━━━ Data to examine ━━━

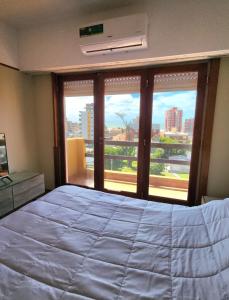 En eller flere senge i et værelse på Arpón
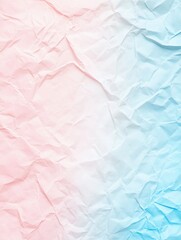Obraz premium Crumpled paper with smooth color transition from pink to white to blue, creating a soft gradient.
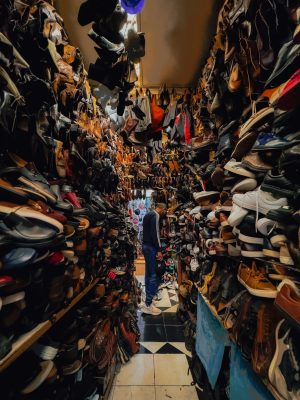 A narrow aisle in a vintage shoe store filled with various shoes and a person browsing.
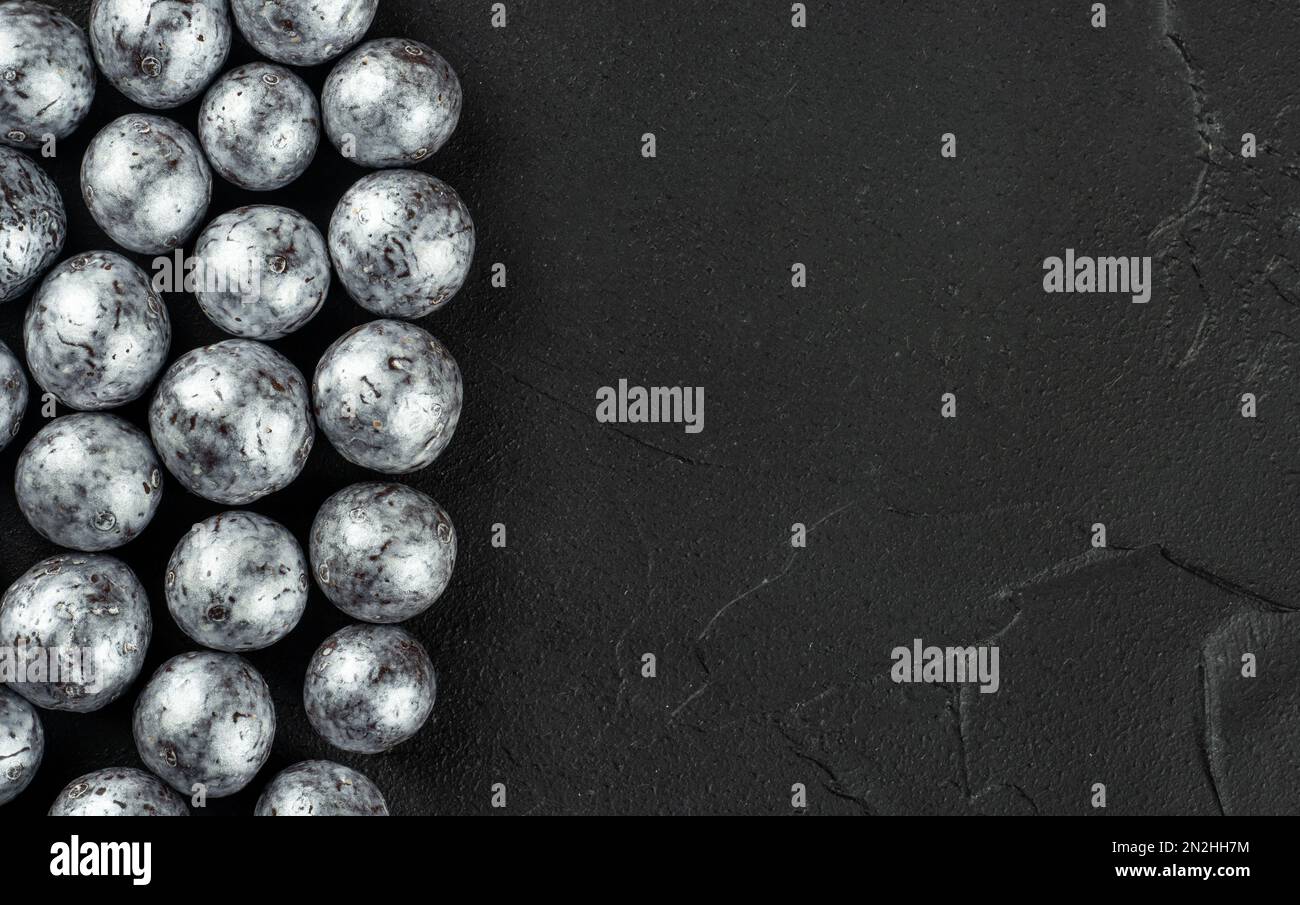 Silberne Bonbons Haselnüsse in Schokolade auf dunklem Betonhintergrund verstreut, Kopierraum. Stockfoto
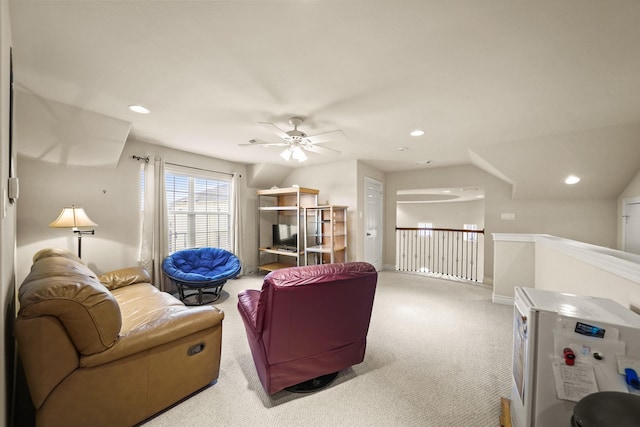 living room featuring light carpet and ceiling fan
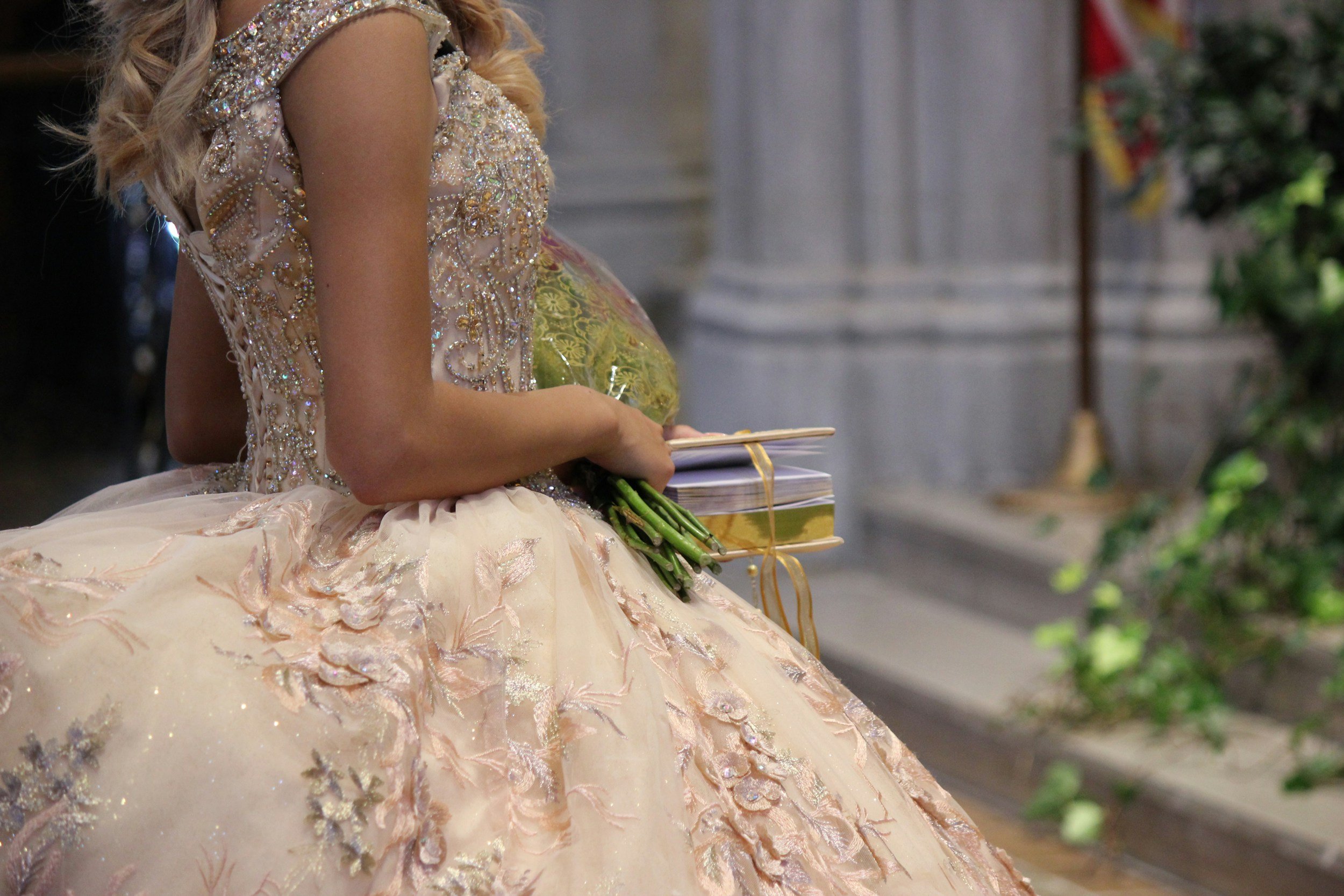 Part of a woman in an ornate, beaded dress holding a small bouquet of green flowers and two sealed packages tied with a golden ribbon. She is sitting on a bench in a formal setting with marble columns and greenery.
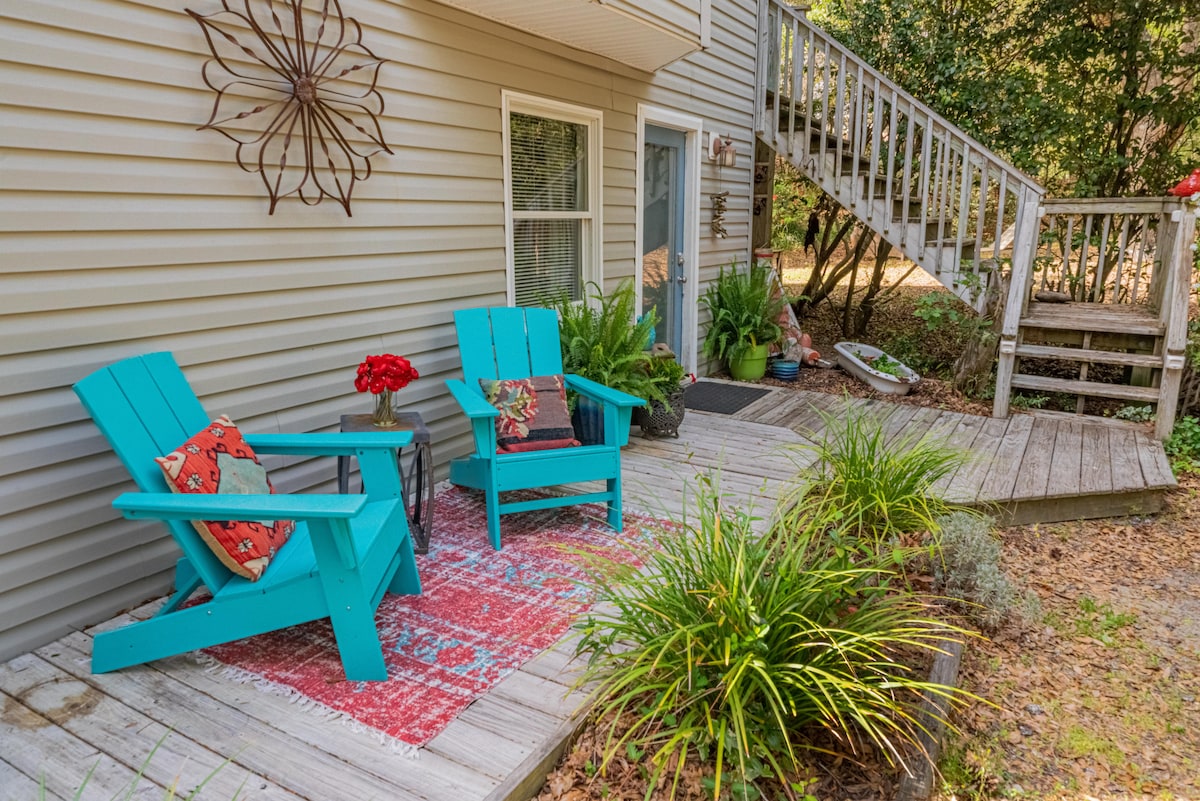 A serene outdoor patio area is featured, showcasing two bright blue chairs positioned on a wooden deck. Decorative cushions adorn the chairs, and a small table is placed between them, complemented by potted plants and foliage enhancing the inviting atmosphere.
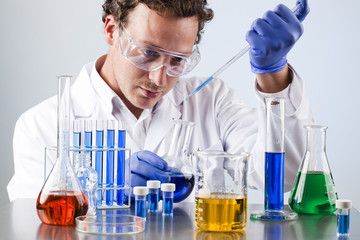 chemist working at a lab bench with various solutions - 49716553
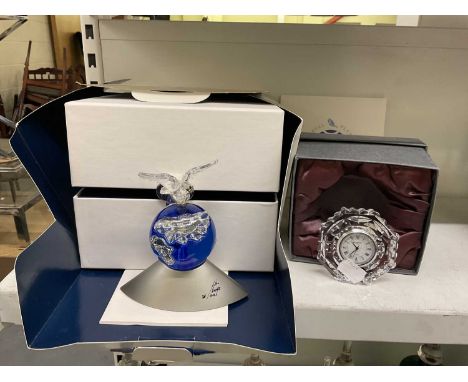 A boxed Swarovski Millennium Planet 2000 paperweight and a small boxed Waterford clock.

━━━

[Required action]
The material above holds pictures; leave them out. Repeat exactly the lines from the one containing "A narrow aisle" through the one containing "Part of a woman", and nothing else.

[Answer to this task]
 A narrow aisle in a vintage shoe store filled with various shoes and a person browsing.
 Silberne Bonbons Haselnüsse in Schokolade auf dunklem Betonhintergrund verstreut, Kopierraum. Stockfoto
 living room featuring light carpet and ceiling fan
 Part of a woman in an ornate, beaded dress holding a small bouquet of green flowers and two sealed packages tied with a golden ribbon. She is sitting on a bench in a formal setting with marble columns and greenery.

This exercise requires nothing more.